[Beowulf] evaluating FLOPS capacity of our cluster

Mon May 11 14:23:50 PDT 2009

Rahul Nabar wrote:
> On Mon, May 11, 2009 at 12:23 PM, Gus Correa <gus at ldeo.columbia.edu> wrote:
>> If you don't feel like running the HPL benchmark (It is fun,
>> but time consuming) to get your actual Gigaflops
>> (Rmax in Top500 jargon),
>> you can look up the Top500 list the Rmax/Rpeak ratio for clusters
>> with hardware similar to yours.
>> You can then apply this factor to your Rpeak calculated as above,
>> to get a reasonable guess for your Rmax.
>> This may be good enough for the purpose you mentioned.
> 
> Rmax/Rpeak= 0.83 seems a good guess based on one very similar system
> on the Top500.
> 
> Thus I come up with a number of around 1.34 TeraFLOPS for my cluster
> of 24 servers.  Does the value seem reasonable ballpark? Nothing too
> accurate but I do not want to be an order of magnitude off. [maybe  a
> decimal mistake in math! ]
> 
> Hardware:
>  Dell PowerEdgeSC1345's. All 64 bit machines with a dual channel
> bonded Gigabit ethernet interconnect. AMD Quad-Core AMD Opteron(tm)
> Processor 2354.
> 
> 
> PS.  The Athelon was my typo, earlier sorry!
> 

Hi Rahul, list

You may have read my other posting with the
actual HPL Rmax/Rpeak = 83.4%
I measured here with AMD Quad-core 2376 (Shanghai).
This matches the number you found on Top500.

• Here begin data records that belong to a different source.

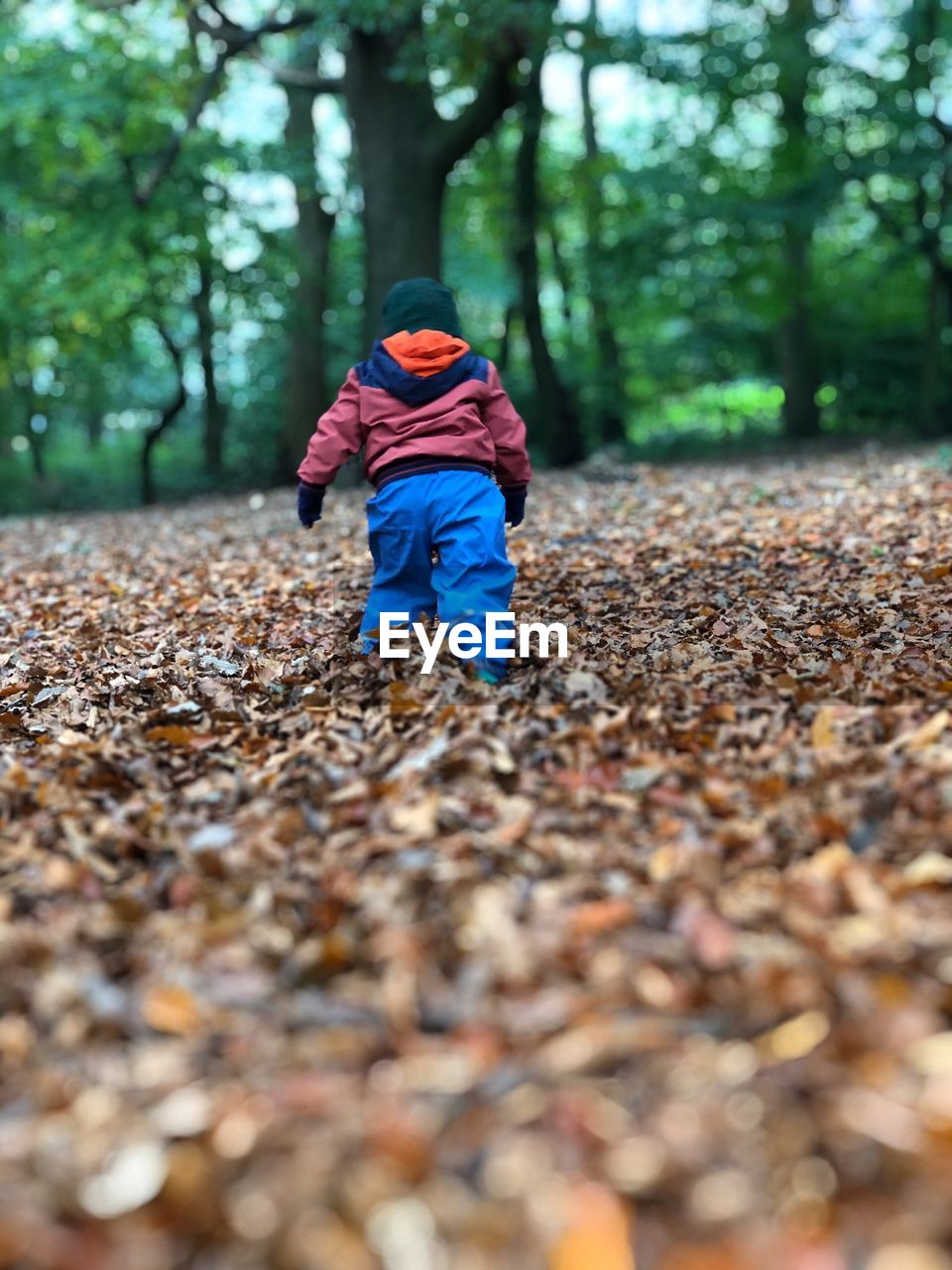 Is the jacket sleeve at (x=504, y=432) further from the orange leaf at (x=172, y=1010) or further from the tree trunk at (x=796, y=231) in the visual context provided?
the tree trunk at (x=796, y=231)

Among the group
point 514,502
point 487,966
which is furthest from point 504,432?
point 487,966

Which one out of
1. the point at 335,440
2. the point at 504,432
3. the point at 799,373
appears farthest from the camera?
the point at 799,373

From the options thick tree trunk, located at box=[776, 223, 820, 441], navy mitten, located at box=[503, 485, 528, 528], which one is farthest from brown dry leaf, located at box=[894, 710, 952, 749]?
thick tree trunk, located at box=[776, 223, 820, 441]

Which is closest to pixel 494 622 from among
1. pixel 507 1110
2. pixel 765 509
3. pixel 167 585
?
pixel 507 1110

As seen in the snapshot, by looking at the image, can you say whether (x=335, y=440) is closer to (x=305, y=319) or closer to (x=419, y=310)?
(x=419, y=310)

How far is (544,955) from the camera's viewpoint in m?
2.09

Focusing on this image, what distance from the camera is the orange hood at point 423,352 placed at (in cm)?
427

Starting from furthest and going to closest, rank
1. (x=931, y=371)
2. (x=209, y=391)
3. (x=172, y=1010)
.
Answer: (x=209, y=391)
(x=931, y=371)
(x=172, y=1010)

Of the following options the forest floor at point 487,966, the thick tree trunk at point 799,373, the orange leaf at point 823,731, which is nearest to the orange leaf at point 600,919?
the forest floor at point 487,966

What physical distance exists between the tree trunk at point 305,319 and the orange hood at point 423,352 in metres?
11.1

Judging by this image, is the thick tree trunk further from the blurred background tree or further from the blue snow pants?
the blue snow pants

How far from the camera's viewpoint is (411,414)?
14.0ft

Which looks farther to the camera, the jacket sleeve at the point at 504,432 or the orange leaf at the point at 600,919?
the jacket sleeve at the point at 504,432

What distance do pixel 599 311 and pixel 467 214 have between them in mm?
3889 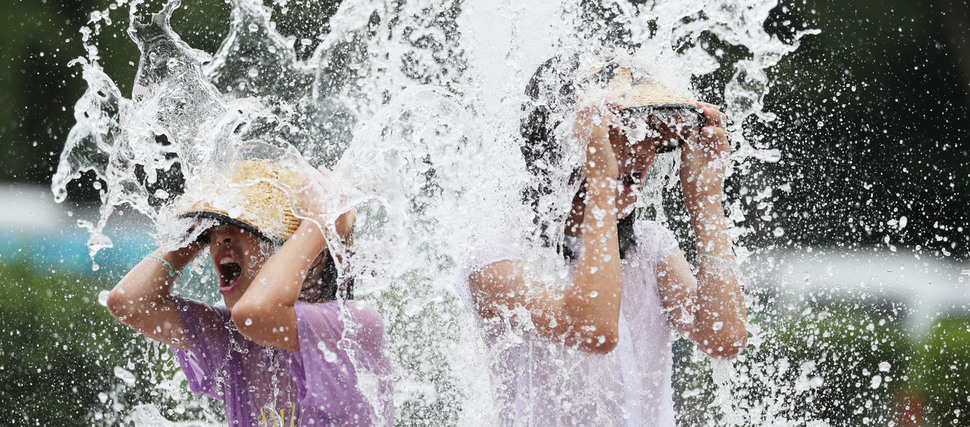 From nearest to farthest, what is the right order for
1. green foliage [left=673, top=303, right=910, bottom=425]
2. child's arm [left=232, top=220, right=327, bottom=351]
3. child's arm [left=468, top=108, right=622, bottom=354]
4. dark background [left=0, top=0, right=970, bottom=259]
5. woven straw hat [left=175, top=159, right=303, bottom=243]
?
1. child's arm [left=468, top=108, right=622, bottom=354]
2. child's arm [left=232, top=220, right=327, bottom=351]
3. woven straw hat [left=175, top=159, right=303, bottom=243]
4. green foliage [left=673, top=303, right=910, bottom=425]
5. dark background [left=0, top=0, right=970, bottom=259]

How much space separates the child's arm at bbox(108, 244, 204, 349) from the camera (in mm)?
2152

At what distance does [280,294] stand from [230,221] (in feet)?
0.72

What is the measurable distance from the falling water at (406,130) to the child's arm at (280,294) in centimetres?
13

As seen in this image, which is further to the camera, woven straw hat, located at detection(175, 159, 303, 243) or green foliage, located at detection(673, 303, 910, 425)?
green foliage, located at detection(673, 303, 910, 425)

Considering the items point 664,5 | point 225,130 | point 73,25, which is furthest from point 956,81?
point 73,25

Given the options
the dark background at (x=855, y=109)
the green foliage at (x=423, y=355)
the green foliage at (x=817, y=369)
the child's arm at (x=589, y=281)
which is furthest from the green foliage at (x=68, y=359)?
the child's arm at (x=589, y=281)

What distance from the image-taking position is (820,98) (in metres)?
6.42

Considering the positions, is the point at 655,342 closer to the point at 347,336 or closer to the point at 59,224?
the point at 347,336

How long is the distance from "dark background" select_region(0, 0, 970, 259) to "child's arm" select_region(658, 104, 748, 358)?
3902mm

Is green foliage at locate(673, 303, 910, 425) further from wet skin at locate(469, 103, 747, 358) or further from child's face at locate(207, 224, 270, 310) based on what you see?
child's face at locate(207, 224, 270, 310)

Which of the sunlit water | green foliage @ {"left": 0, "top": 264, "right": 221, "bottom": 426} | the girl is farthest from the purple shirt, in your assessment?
green foliage @ {"left": 0, "top": 264, "right": 221, "bottom": 426}

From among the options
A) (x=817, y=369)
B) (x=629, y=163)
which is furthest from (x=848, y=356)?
(x=629, y=163)

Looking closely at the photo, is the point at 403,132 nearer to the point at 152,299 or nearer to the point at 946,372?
the point at 152,299

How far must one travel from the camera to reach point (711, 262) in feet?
6.47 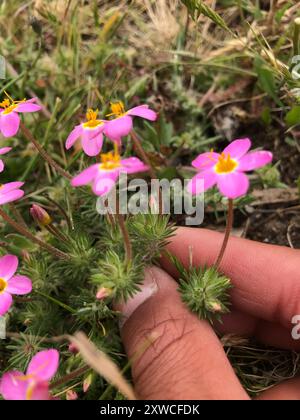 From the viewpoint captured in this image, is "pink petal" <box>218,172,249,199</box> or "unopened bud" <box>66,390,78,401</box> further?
"unopened bud" <box>66,390,78,401</box>

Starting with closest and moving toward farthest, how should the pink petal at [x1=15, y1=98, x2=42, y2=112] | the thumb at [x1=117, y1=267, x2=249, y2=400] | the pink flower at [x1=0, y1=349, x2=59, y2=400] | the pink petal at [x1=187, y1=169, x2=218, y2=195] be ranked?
the pink flower at [x1=0, y1=349, x2=59, y2=400], the pink petal at [x1=187, y1=169, x2=218, y2=195], the thumb at [x1=117, y1=267, x2=249, y2=400], the pink petal at [x1=15, y1=98, x2=42, y2=112]

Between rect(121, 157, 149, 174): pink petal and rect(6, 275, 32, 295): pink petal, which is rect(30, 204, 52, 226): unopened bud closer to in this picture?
rect(6, 275, 32, 295): pink petal

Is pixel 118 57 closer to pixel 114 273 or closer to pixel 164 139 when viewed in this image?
pixel 164 139

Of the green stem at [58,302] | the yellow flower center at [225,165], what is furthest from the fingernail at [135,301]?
the yellow flower center at [225,165]

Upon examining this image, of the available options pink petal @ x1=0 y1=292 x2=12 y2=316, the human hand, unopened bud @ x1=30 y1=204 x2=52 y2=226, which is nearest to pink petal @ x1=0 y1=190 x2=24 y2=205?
unopened bud @ x1=30 y1=204 x2=52 y2=226

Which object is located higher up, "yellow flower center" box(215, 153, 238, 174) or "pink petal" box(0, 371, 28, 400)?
"yellow flower center" box(215, 153, 238, 174)

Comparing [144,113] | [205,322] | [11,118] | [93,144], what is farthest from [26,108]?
[205,322]

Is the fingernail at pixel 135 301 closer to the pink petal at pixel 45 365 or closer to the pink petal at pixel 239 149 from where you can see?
the pink petal at pixel 45 365

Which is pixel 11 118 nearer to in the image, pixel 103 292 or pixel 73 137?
pixel 73 137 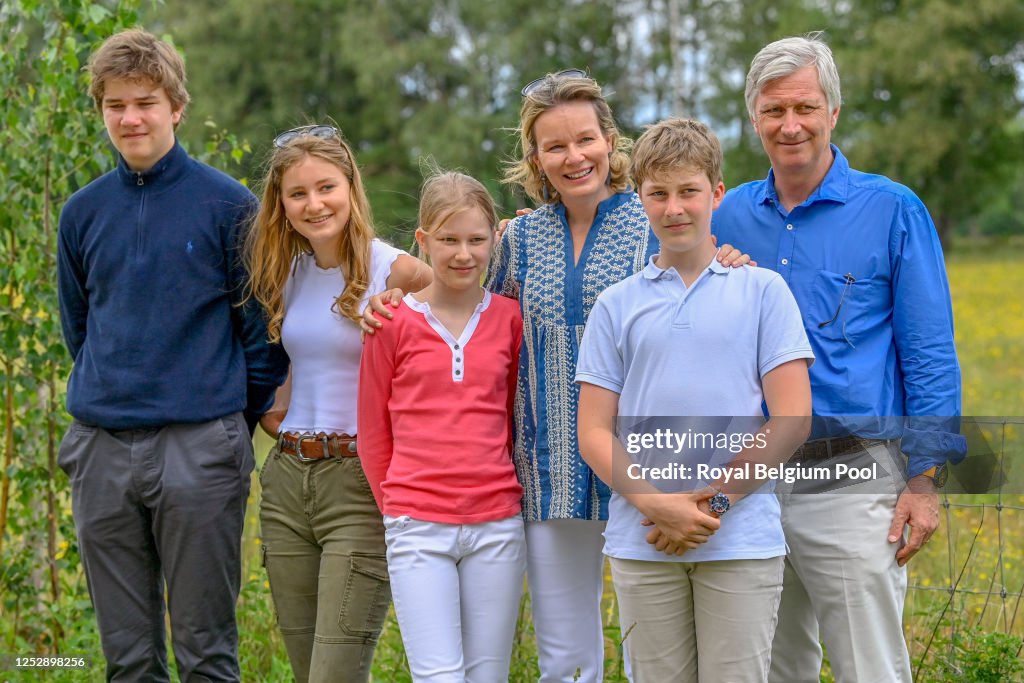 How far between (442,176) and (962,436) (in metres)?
1.63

Our clusters are very similar, 24 nodes, 192 cores,
AMD 3rd generation (Barcelona and Shagnhai) right?
So ~83% is what you should expect if you use Infiniband (which I used),
on a cluster of this size and processors, with a single IB switch.

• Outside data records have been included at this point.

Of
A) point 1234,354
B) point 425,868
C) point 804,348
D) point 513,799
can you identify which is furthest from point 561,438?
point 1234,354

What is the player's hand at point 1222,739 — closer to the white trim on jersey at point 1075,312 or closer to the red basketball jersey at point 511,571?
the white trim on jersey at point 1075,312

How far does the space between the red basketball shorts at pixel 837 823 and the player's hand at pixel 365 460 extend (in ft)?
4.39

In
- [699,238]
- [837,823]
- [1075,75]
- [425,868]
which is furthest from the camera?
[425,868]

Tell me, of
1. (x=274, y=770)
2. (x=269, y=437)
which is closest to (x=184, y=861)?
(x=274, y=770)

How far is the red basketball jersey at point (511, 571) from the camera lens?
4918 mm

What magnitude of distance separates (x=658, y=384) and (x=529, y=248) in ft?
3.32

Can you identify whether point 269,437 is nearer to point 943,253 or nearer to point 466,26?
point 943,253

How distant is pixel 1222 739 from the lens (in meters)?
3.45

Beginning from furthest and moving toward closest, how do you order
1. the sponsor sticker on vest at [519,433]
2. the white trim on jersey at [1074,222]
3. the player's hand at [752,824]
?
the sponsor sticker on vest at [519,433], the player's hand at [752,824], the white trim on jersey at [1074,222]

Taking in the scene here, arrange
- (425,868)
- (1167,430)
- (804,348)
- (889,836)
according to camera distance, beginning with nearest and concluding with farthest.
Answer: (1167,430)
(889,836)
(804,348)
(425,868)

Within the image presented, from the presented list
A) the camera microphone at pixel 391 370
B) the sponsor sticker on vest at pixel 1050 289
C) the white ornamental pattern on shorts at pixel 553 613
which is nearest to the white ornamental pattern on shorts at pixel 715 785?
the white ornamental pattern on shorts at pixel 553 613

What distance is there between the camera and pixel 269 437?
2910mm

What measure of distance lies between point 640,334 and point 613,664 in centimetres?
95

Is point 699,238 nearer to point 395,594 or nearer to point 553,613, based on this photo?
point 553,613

For Gigabit Ethernet I would guess the number is less.
The (nominal) bandwidth of Inifiniband III
is 20Gb/s = 20 x 1 GigE (IIRR it the factor is actually 16, not 20).
I have yet to try HPL over GigE, to have numbers to compare,
but it just takes too long to run HPL with a decent range of parameters,
and I am reluctant to do it, and stop production.

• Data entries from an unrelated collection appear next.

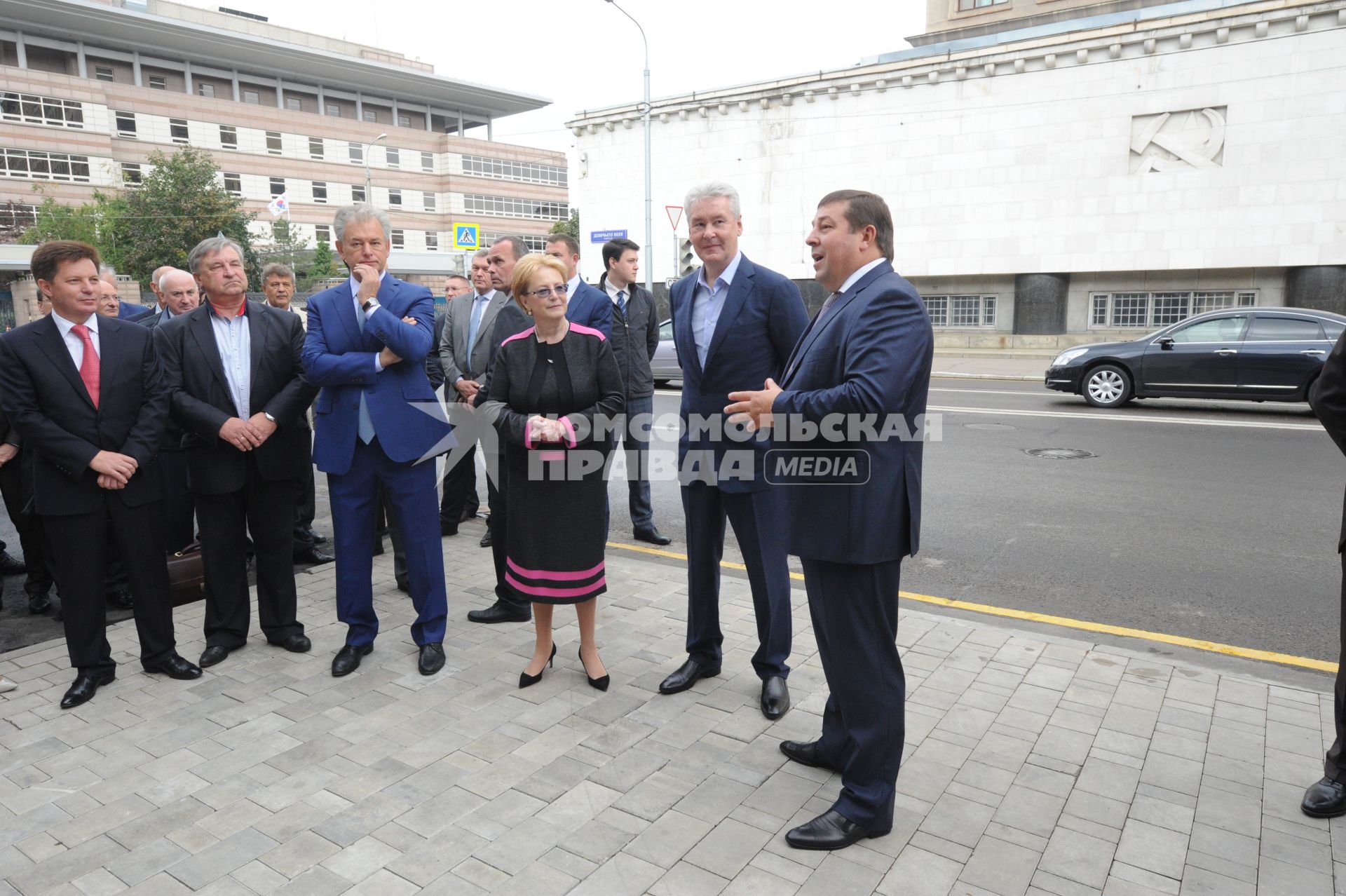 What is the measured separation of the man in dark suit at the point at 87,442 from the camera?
417 centimetres

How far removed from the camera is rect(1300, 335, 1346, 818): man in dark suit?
2967 mm

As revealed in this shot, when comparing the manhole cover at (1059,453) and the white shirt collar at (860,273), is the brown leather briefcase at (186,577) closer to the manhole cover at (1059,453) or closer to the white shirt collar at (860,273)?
the white shirt collar at (860,273)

However, if the computation/communication ratio of your real 
computational chemistry application is high,
the interconnect may not be so important, GigE may be perfectly good,
I would guess.
I.e. give enough numbers for each core to crunch (increase computation),
rather than splitting the task across too many of them (decrease 
communication).

If you can run each job on a single node (shared memory) even better.
Well, this is as long as you have enough RAM on each node
to fit your job on a single node, without triggering
memory swapping.
My single-node HPL test gave Rmax/Rpeak=84.6%.
(I have yet to try it processor affinity turned on,
which may be a little better.)
So, one node was just a bit better than the 83.4%
across the whole cluster.
However, the difference may be larger if using GigE instead of IB
on the cluster.

Gus Correa
---------------------------------------------------------------------
Gustavo Correa
Lamont-Doherty Earth Observatory - Columbia University
Palisades, NY, 10964-8000 - USA
---------------------------------------------------------------------